The Terpene Frontier—and its Dangers
Years ago, the cannabis industry began extracting terpenes from their buds for use in edibles and other products. Terpenes are a class of aromatic compounds that give plants their distinctive scents. (“Terpenoid” refers to a larger group and is probably more accurate—but terpene is the more common shorthand.) They’re very important in cannabis, and of course also in that plant’s cousin, hops.
This week, one of those cannabis-terpene companies, Abstrax, announced it was offering extracts for four hop varieties, Cascade, Centennial, Chinook, and Willamette. Hop extracts have been around a long time, but this marks the first time the chemists who reshaped cannabis have come over to beer. And because cannabis companies are happy to compose flavors with pure extracts, Abstrax cuts everything else out. (Current hop extracts contain hop acids and oils, not just terpenes.) Abstrax is offering pure, liquid terpenes,* and it will definitely create another wave of experimentation and change the flavor of beer.
It is in one way no big deal: terpene extraction is another evolution in hop product development, and joins GMO yeast, cryo hops, and similar products. It’s not even new in brewing. Breweries like Lagunitas and Two Roads have been experimenting with terpenes for a while. Homebrewers can buy terpenes. And it’s not even obvious that drinkers will love overly terpened IPAs. Until brewers dial them in, they may not taste hoppy but “like-hops” in that way candy tastes “like fruit.”
With craft flatlining and FMBs booming, it’s not the hop terpenes that trouble me. It’s the non-hop terpenes that do. Stripping scents down to their chemical level breaks them down into aroma pixels that can be rearranged to paint any picture. People who eat gummies or drink hard seltzer aren’t looking for the base flavors and aromas—there aren’t any. These have always been test-tube consumables, and that’s what people expect. Blue raspberry flavor? Awesome!
Beer is a different beast. While flavorings are probably as old as the flavor of naked malt, beer does contain base flavors and aromas. These comes from ingredients, malting processes, recipe, and brewing techniques. The flavors they produce are the touchstones to a beer’s nature. Whether it’s a pale lager or a black stout or even a wild ale, we recognize it as beer. The reason Abstrax has released hop extracts is a nod to that reality; they believe that getting terpene extracts into beer starts with flavors that taste like beer. Yet even within the beer world, that tether back to base flavors has been severed with culinary beers and is on the way with milkshake IPAs.
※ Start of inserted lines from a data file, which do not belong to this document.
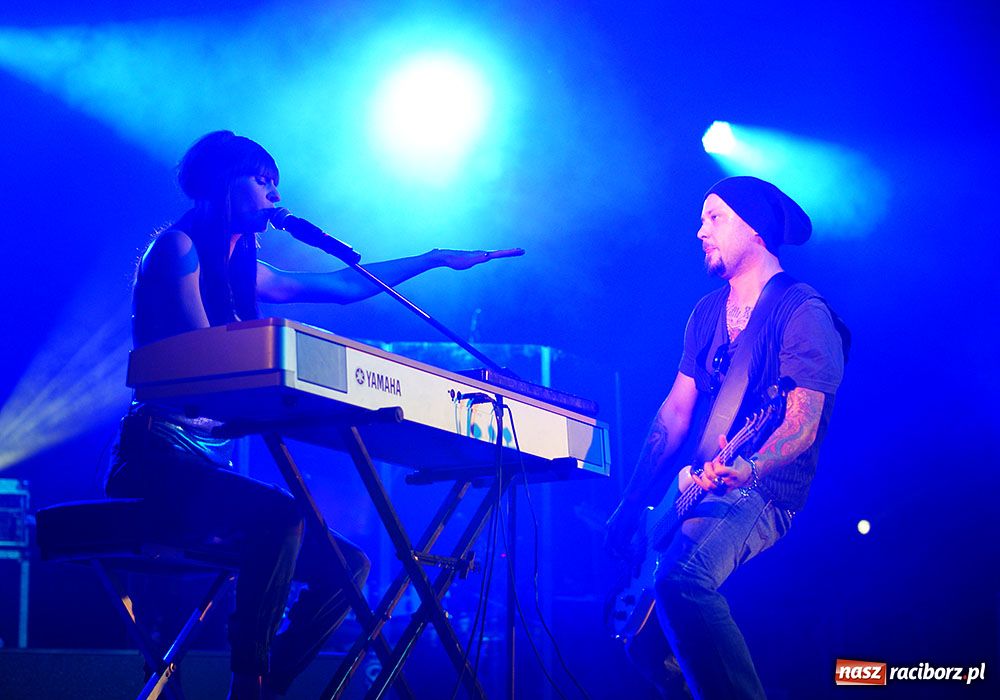 Zdjęcie w galerii na portalu naszraciborz.pl: Na finał koncertu Grzeszczak zgasło światło wiadomości z regionu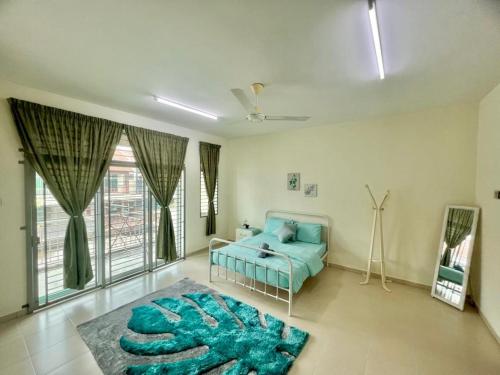 a bedroom with a blue bed and a large window at Comel House Hadapan Hospital Sultanah Bahiyah Alor Setar- Teres 2 Tingkat Vistana Indah Depan HSB 4 Bilik Airconds & Ruang tamu aircond dan free wifi in Kampong Masjid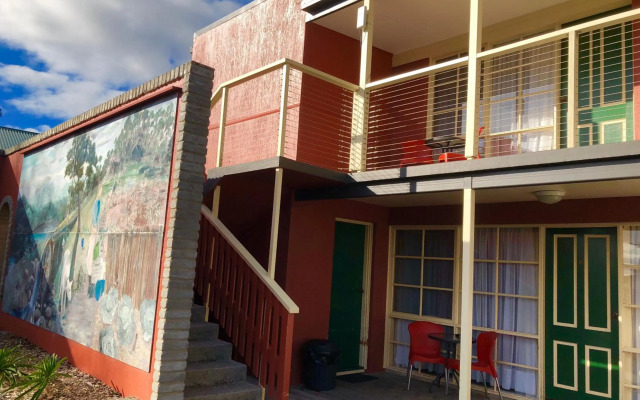 Sheffield Motor Inn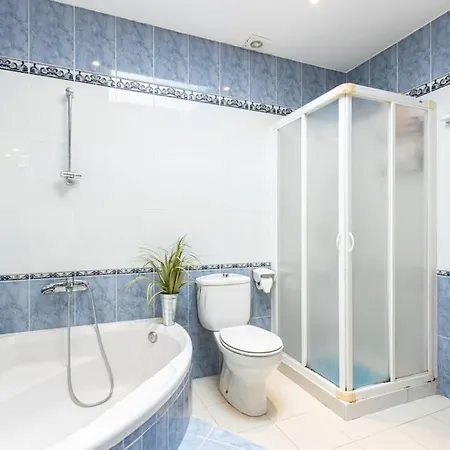 度假居 S46-casa De Vacaciones Climatizada Con Piscina, En El Centro Junto Al Mar, Barbacoa Y Wiifi 艾姆布里亚布拉瓦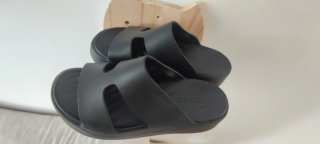 Sandalias Crocs plataforma negras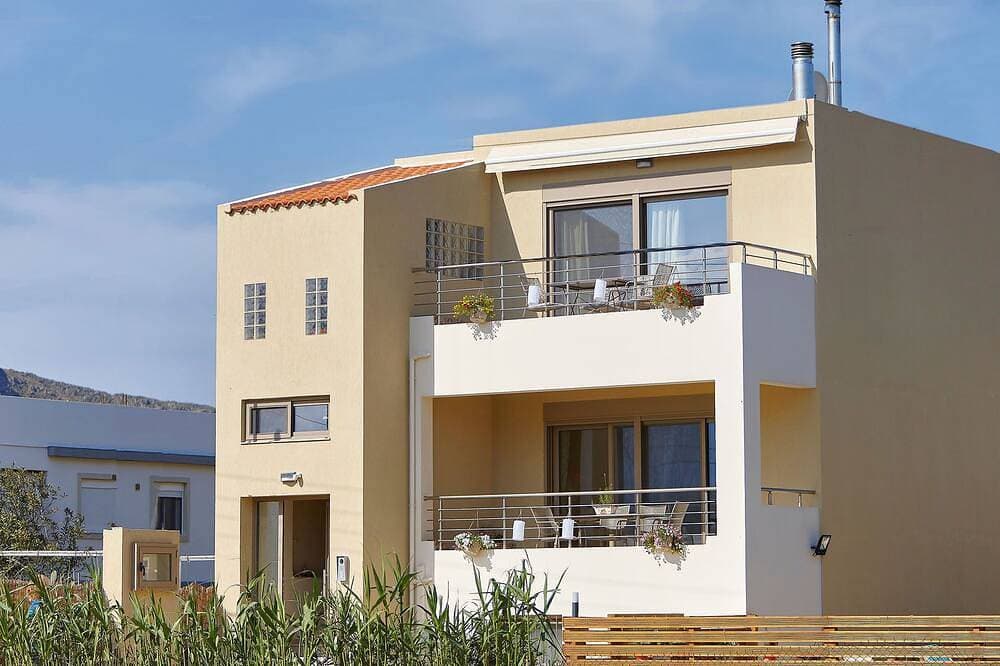 Foto 13 von 21: Villa Eva 2 Brandneue Luxusvilla, 50 Meter vom Meer entfernt, in einer sehr ruhigen Gegend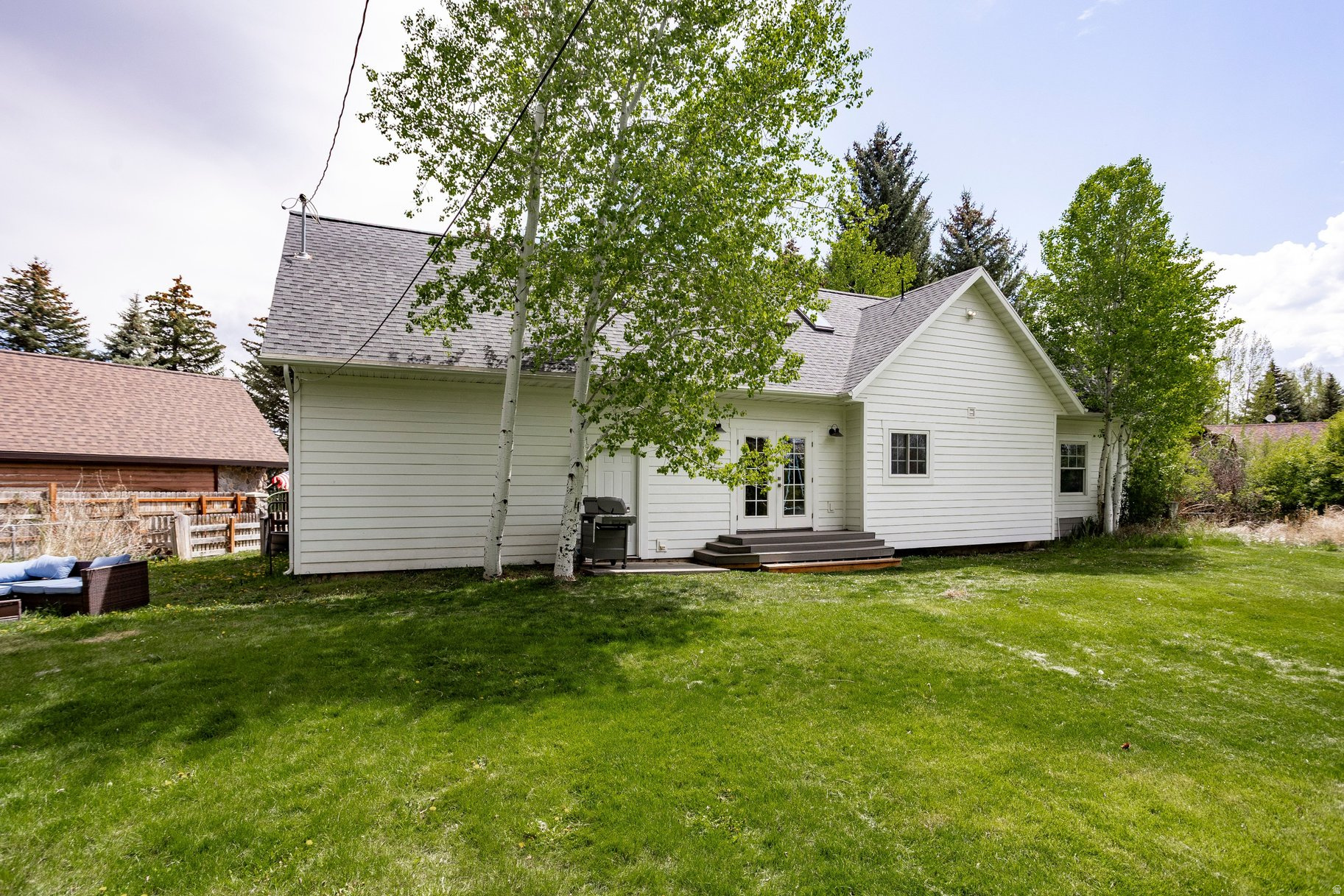 MIDWAY FARMS - Residential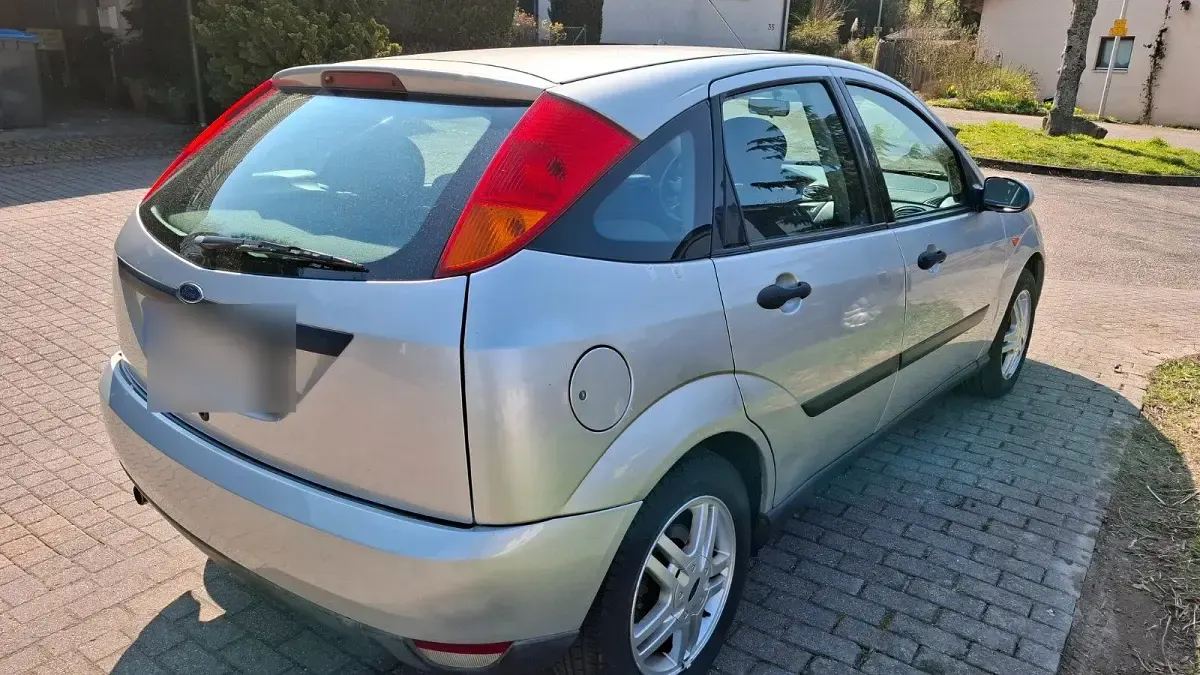 Używany Ford Focus 101 KM (74 kW) 2001 Srebrny Sedan/Limuzyna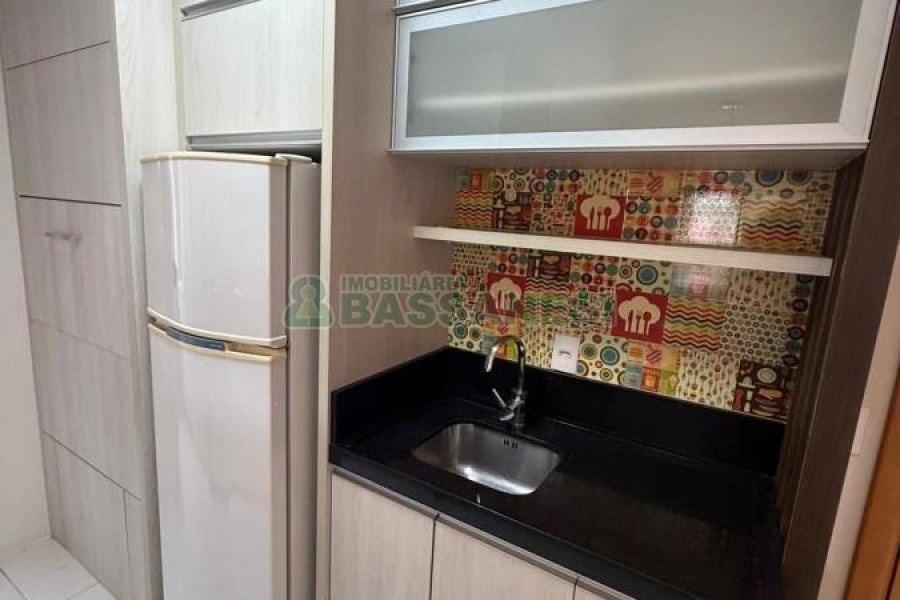 Apartamento com 70m², 2 dormitórios, 2 vagas, no bairro Madureira em Caxias do Sul para Comprar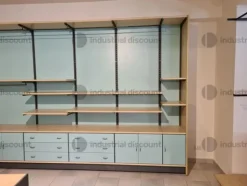 5#8748 Arredamento per negozio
Which means the real market Abstrax may find in beer are extracts that taste like donuts or chocolate-mint ice cream or peanut butter and jelly.
I don’t worry that beer-flavored beer is endangered by this. Smoothie sours are a fun little boomlet but they are absolutely never going to replace lagers and IPAs. My concern is how all these flavorings will change the perception of beer. Say what you will about the marketing of the word “craft,” but it was incredibly valuable in re-centering customer impression from the commodity qualities of beer—its ubiquity, availability, and convenience—to the talent it takes to develop a good recipe and the skill to make it in the brewhouse. It was a “cræft” argument about what beer is, and that idea helped win mouths and hearts that powered the country’s 9,000-brewery revival. There was a lot wrong about the phrase “craft beer,” but on balance it was an incredibly helpful term.
But craft depends on the brewer. Recall that the definition of cræft is that the knowledge of a skill resides in the body and mind of the craftsperson, not a machine. The more beer is celebrated for its chemistry, their harder it is to admire its craft. When the flavoring comes from a bottle, it changes the way we think about a food or drink’s flavor. People love Doritos, but they know they are a product of clever chemists, not bakers.
There’s a real danger that the constant chemical invention that makes beers taste more vivid is also changing the way we think about them. We know that a chemist can manipulate molecules to recreate flavors with a magician’s skill, but the reason we once liked beer was because we admired how a brewer could make it taste. If that changes, people, perhaps just on the margins at first, will think of beer more as a tasty commodity, but not something really very interesting. More people coming to beer in their twenties might regard it as nothing more than every other hard lemonade and canned cocktail out there. People embraced beer because they were enamored of the way it was made, not just the way it tasted. Take that out of the equation and something serious changes about people’s relationship to beer. As a fan of the brewer’s craft, I worry about that.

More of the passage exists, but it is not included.